VHPB recommendations on surveillance of hepatitis B (July 1997)

Source : Viral Hepatitis vol 5.3 (see publications)

Surveillance is necessary to determine the incidence, prevalence and burden of a disease. The success of any surveillance system is dependent on the willingness of doctors to report cases of infectious disease. Feedback to reporting physicians is an integral part of any surveillance system. The role and purpose of surveillance should be stressed from the start of medical training.

Surveillance systems for hepatitis B are necessary to:

  • prioritise hepatitis B among other diseases of public health importance;
  • measure the impact of vaccination programmes (including the monitoring of adverse effects);
  • evaluate prevention programmes;
  • ensure that targets for disease reduction and prevention are met.

Surveillance may also alert health officials to outbreaks of disease.

In most European countries notification of acute hepatitis is mandatory, but wide differences between case definitions, and the completeness and methods of reporting exist, making it extremely difficult to draw meaningful conclusions from country-to-country comparisons.

For better standardisation of surveillance systems across Europe, the VHPB recommend greater uniformity in formulating case definitions, in submitting surveillance reports, in monitoring vaccine coverage and impact, and in reporting severe adverse events.

1. Formulating case definitions

The VHPB recommend that all countries formulate a case definition, and support the case definition of viral hepatitis B put forward by the World Health Organisation:

  • A clinical case of acute viral hepatitis is an acute illness that includes the discrete onset of symptoms and jaundice or elevated serum aminotransferase levels (> 2.5 times the upper limit of normal).
  • A confirmed case of hepatitis B is a suspected case that is laboratory confirmed: HBsAg positive or anti-HBc-IgM positive, and anti-HAV-IgM negative.

The serological quality of the tests used is crucial for a firm diagnosis of infection.
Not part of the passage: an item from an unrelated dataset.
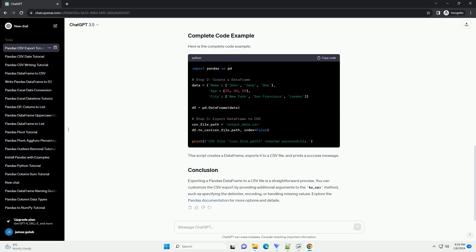Now you can export the DataFrame to a CSV file using the to_csv method. Specify the file path and name as an argument to the method. In this example, index equals false prevents writing row numbers into the CSV file.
It is understood, however, that case definitions based on serological tests pose a problem for countries without widespread access to these tests. Methods to detect HBsAg using test procedures such as reverse passive hemagglutination (RPHA) or latex bead technology are very inexpensive, and while not as sensitive as radioimmunoassay (RIA) antigen tests or the enzyme-linked immunosorbent assay (ELISA), are far better than not testing at all.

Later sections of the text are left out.